● PROBLEM DESCRIPTION: Of the lines in the material below, print only those from the one containing "루이비통 슬리퍼 (3cm)" to the one containing "輪島塗　木製　蒔絵と沈金によ", ends included, exactly as written and without pictures.

===== MATERIALS PROVIDED

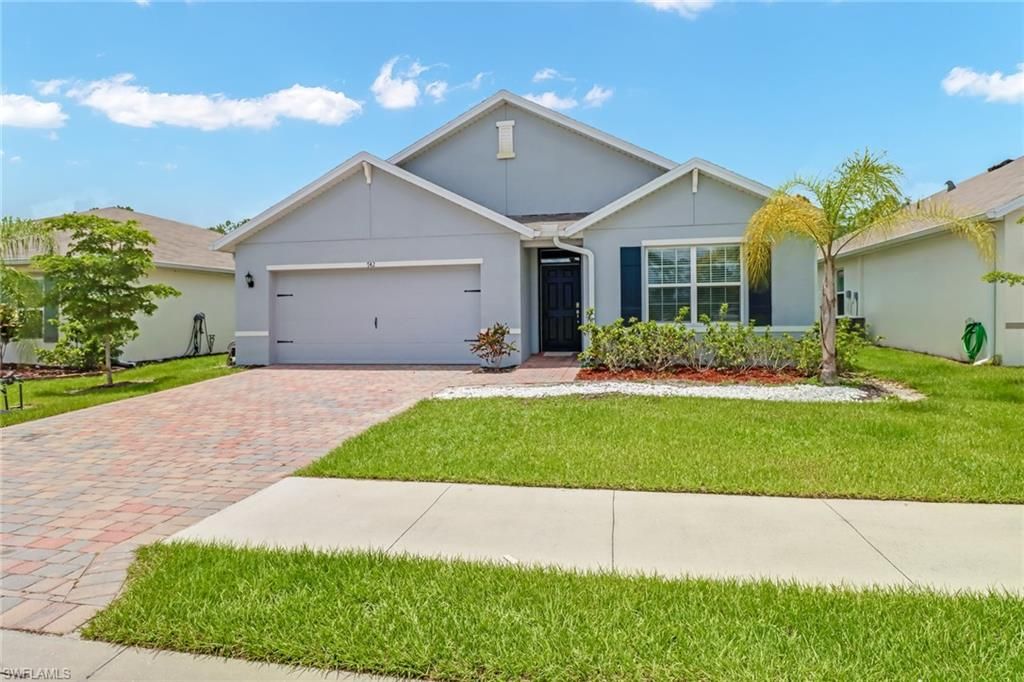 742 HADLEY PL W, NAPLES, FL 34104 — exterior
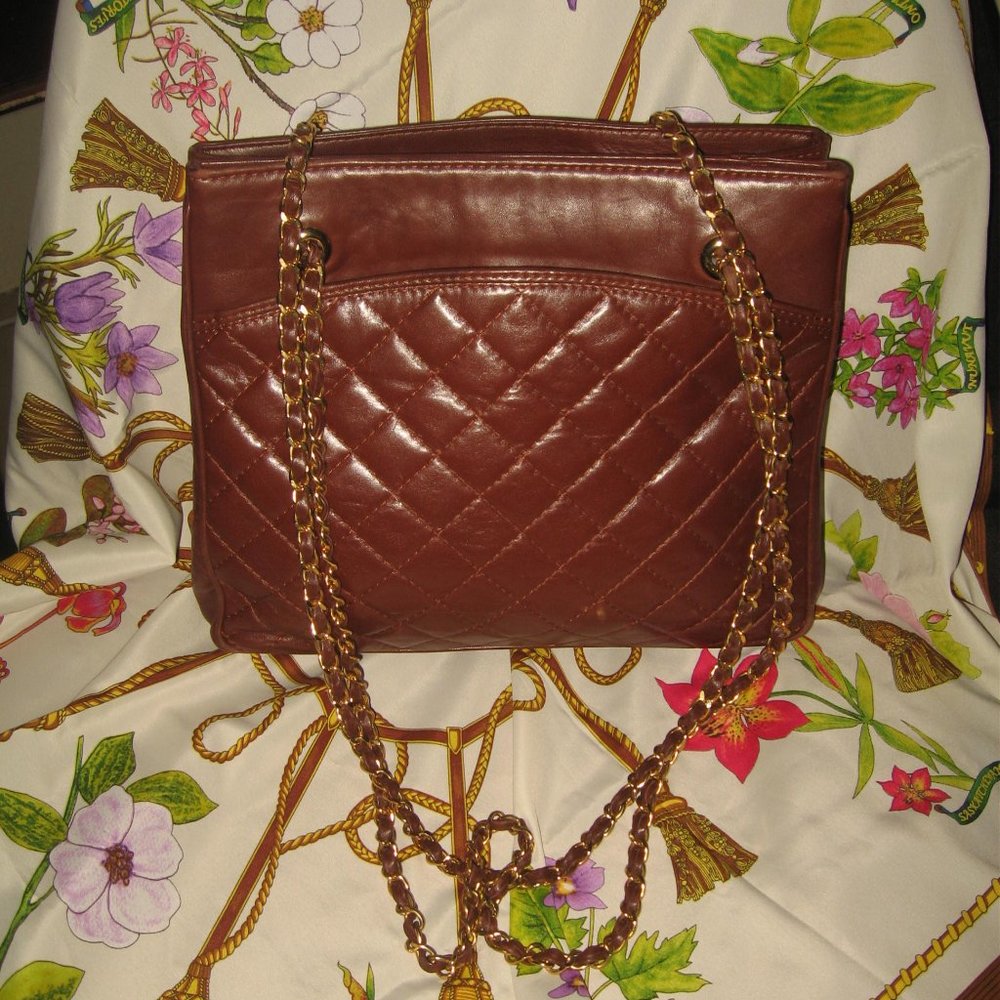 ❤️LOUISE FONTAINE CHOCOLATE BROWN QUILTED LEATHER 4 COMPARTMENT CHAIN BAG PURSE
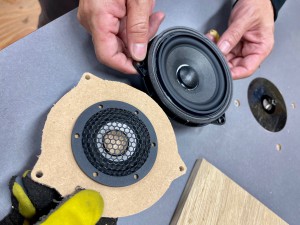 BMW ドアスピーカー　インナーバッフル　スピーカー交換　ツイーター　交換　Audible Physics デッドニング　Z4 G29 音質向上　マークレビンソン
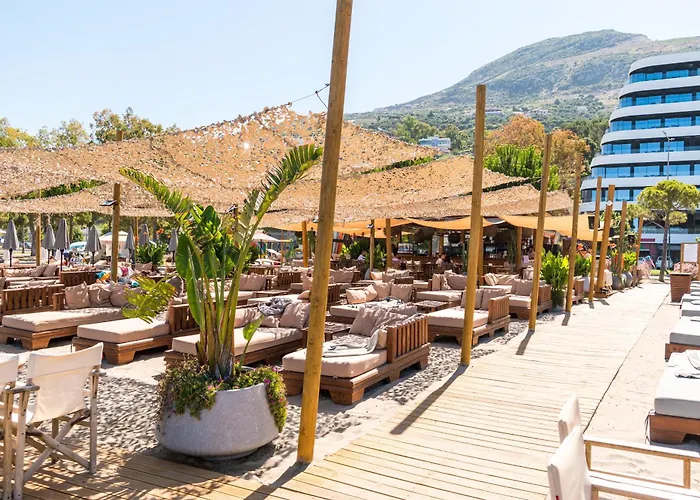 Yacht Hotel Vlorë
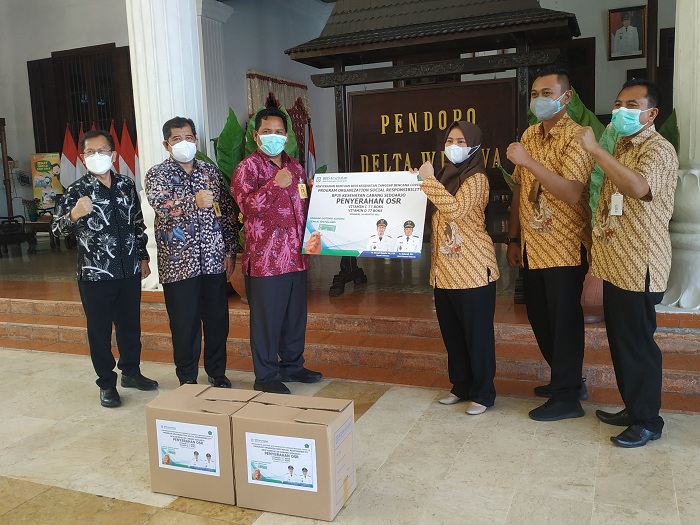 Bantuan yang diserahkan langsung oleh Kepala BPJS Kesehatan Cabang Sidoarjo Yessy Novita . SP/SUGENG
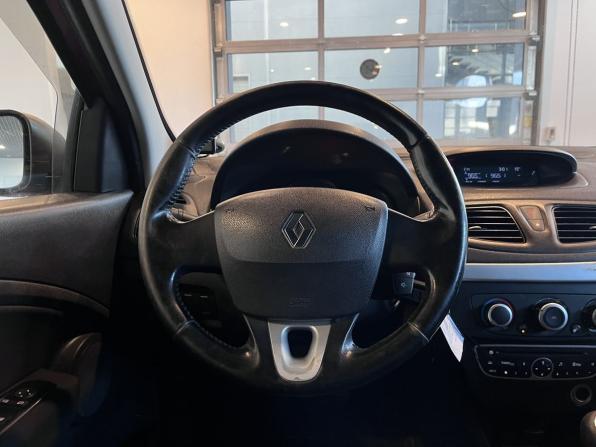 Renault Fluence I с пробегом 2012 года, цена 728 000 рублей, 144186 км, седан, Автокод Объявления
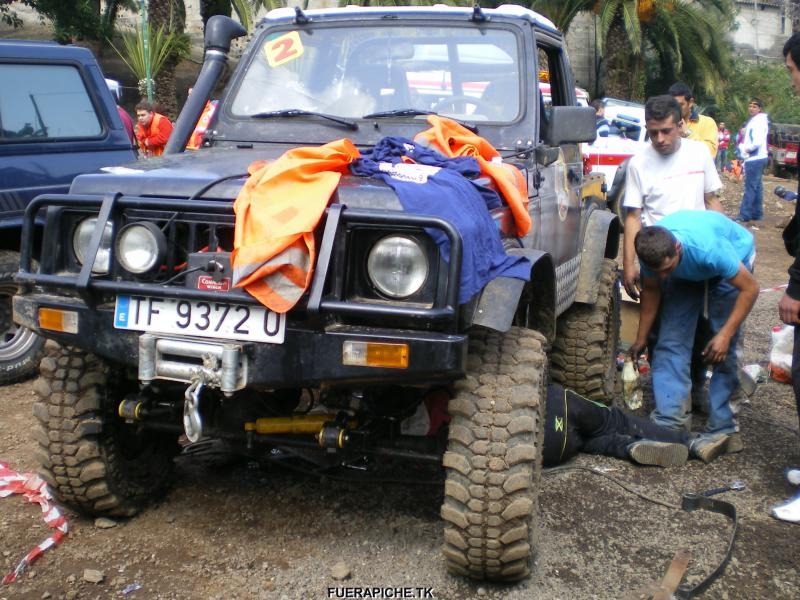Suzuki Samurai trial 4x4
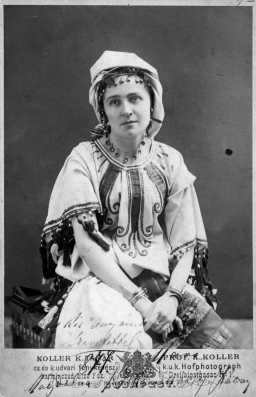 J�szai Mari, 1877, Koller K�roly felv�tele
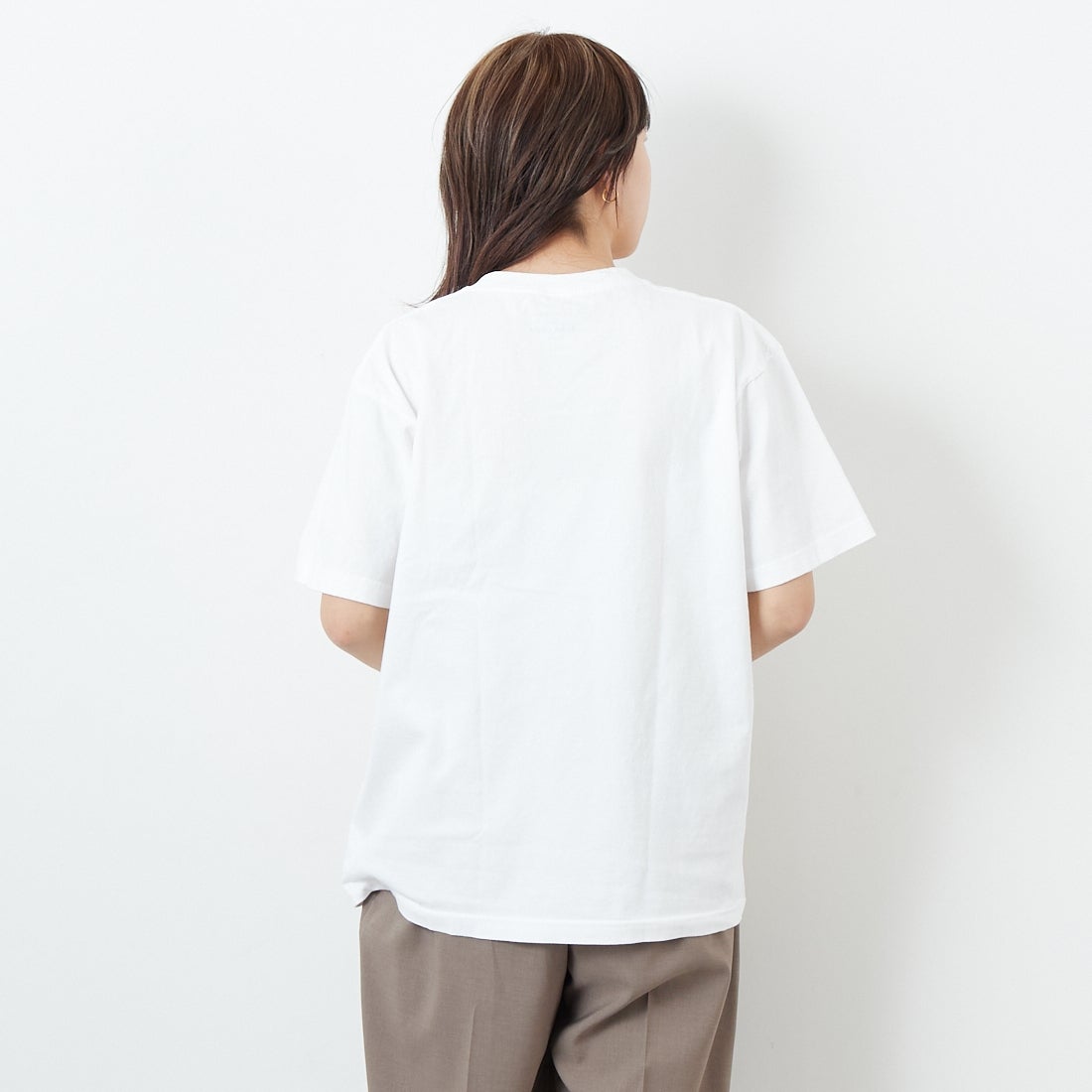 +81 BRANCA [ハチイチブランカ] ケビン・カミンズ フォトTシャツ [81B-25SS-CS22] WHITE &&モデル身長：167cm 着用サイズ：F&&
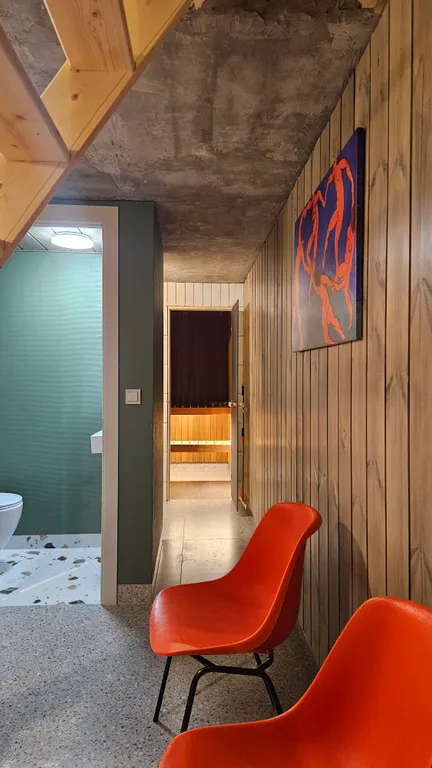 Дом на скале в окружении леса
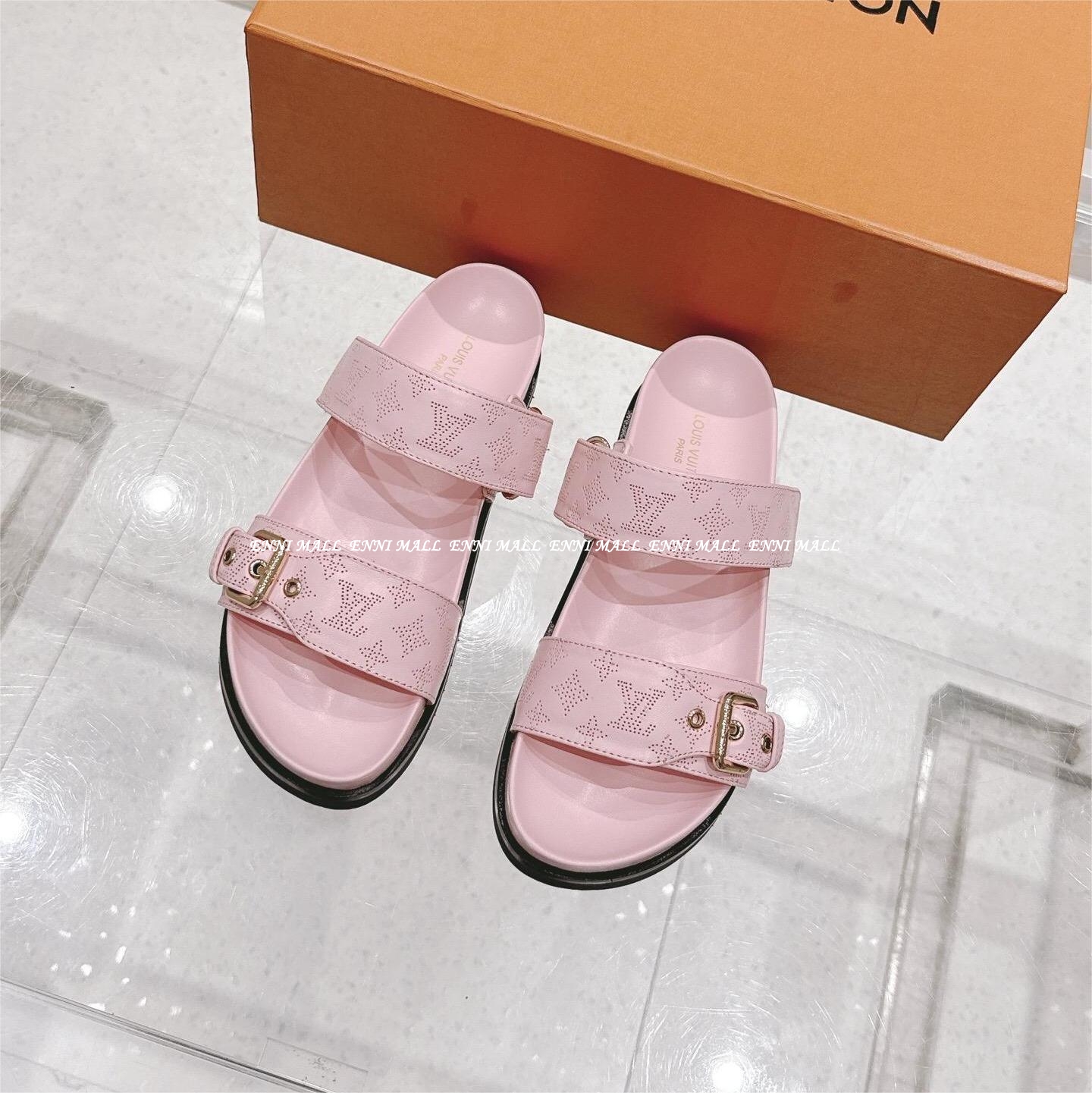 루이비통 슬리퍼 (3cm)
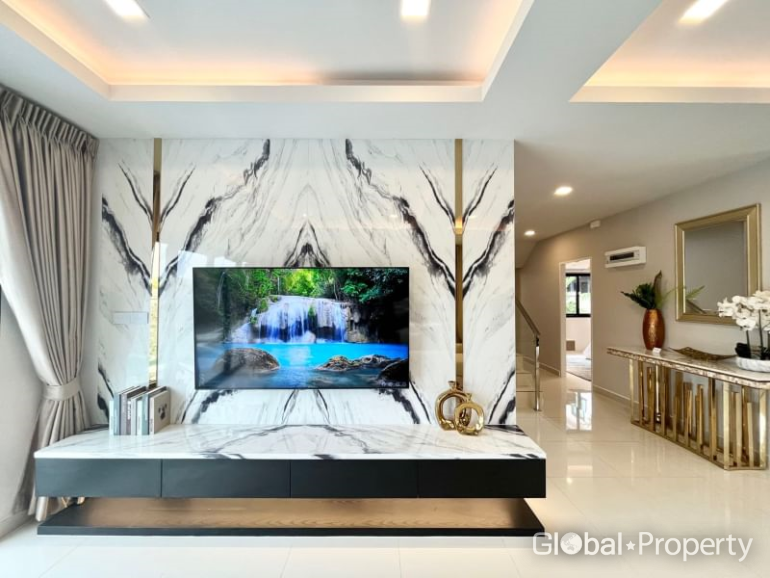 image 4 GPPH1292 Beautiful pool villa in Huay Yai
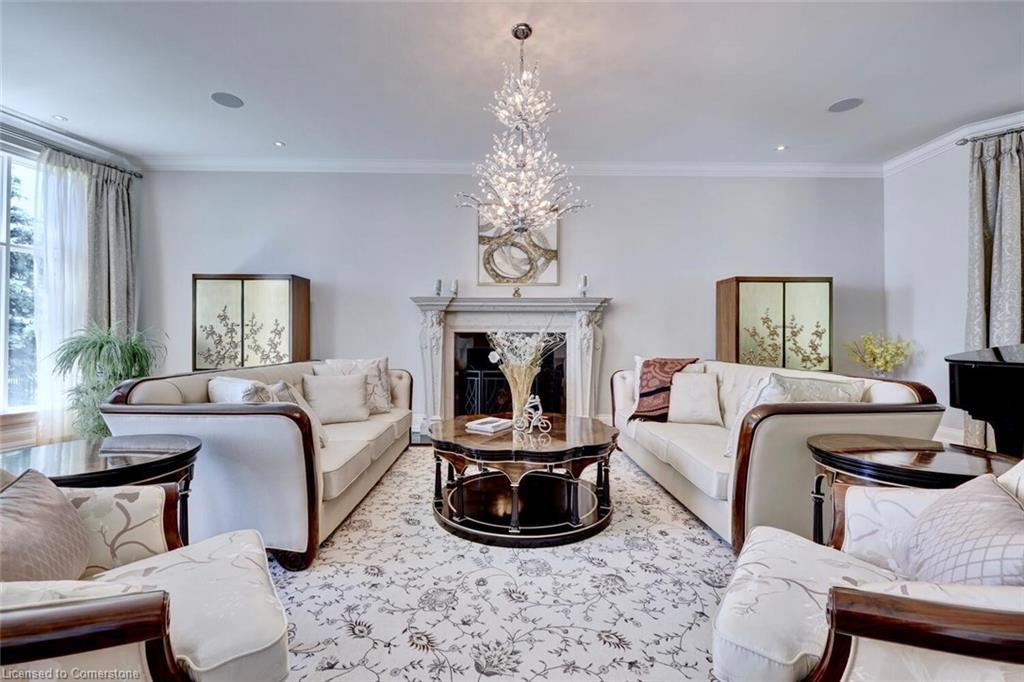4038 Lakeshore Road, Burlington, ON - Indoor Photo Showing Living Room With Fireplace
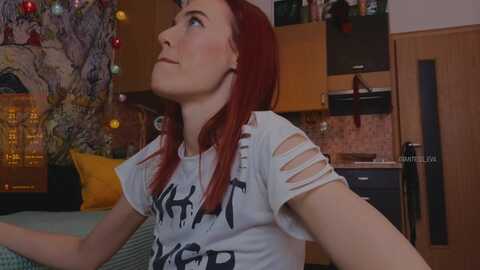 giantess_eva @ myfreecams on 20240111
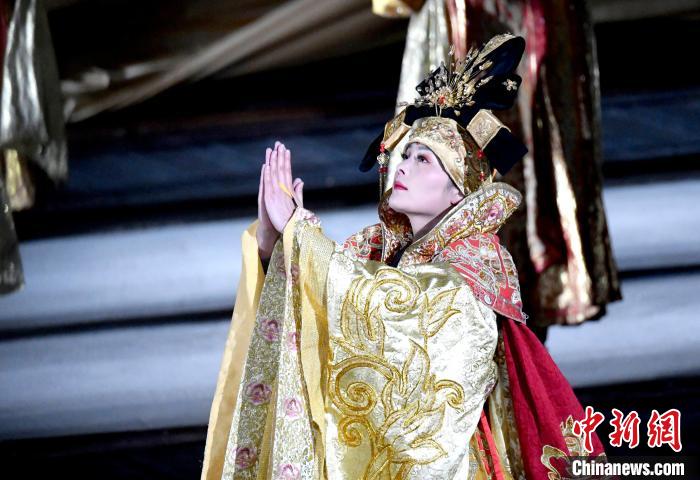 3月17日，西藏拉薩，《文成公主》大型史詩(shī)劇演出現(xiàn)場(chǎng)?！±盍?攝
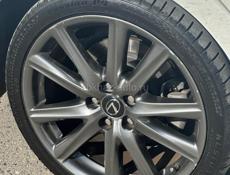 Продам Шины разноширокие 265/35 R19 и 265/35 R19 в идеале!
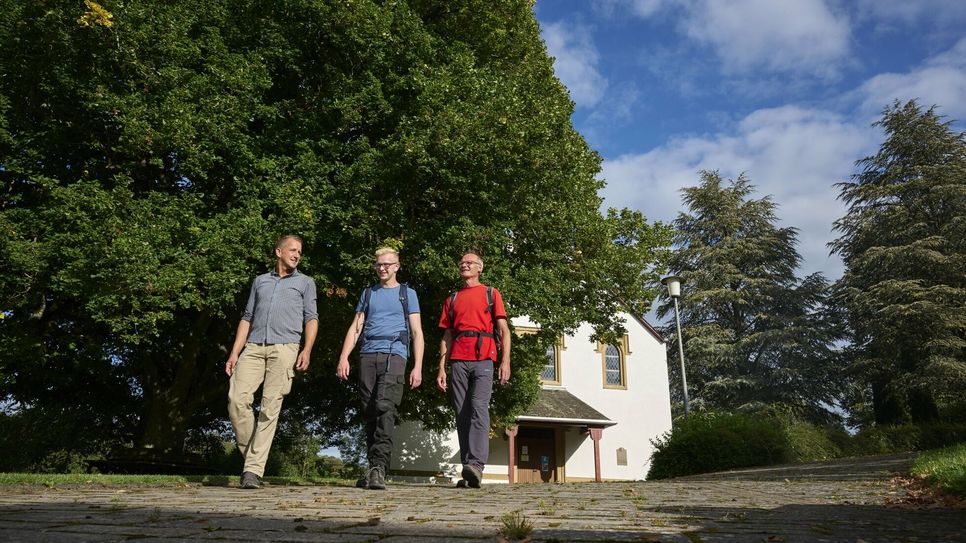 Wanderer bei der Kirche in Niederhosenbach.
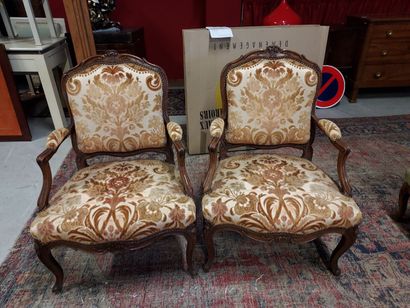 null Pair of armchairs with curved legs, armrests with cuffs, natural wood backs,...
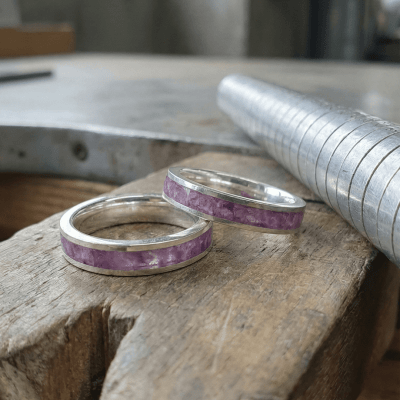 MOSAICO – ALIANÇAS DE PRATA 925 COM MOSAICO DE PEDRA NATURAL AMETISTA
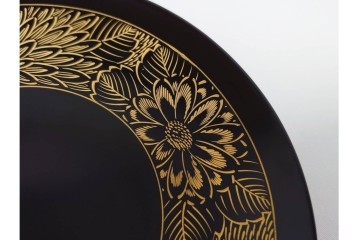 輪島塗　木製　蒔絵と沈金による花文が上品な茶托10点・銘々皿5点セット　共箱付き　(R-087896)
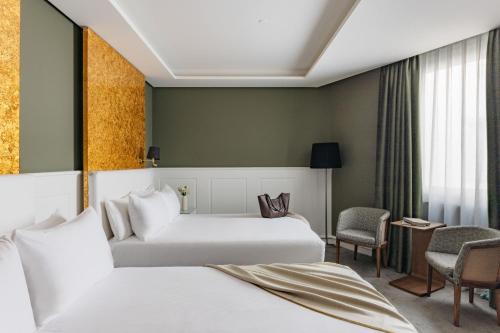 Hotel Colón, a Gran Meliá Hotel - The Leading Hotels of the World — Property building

==========

● OUTPUT OF THE EXERCISE:
 루이비통 슬리퍼 (3cm)
 image 4 GPPH1292 Beautiful pool villa in Huay Yai
4038 Lakeshore Road, Burlington, ON - Indoor Photo Showing Living Room With Fireplace
 giantess_eva @ myfreecams on 20240111
 3月17日，西藏拉薩，《文成公主》大型史詩(shī)劇演出現(xiàn)場(chǎng)?！±盍?攝
 Продам Шины разноширокие 265/35 R19 и 265/35 R19 в идеале!
 Wanderer bei der Kirche in Niederhosenbach.
 null Pair of armchairs with curved legs, armrests with cuffs, natural wood backs,...
 MOSAICO – ALIANÇAS DE PRATA 925 COM MOSAICO DE PEDRA NATURAL AMETISTA
 輪島塗　木製　蒔絵と沈金による花文が上品な茶托10点・銘々皿5点セット　共箱付き　(R-087896)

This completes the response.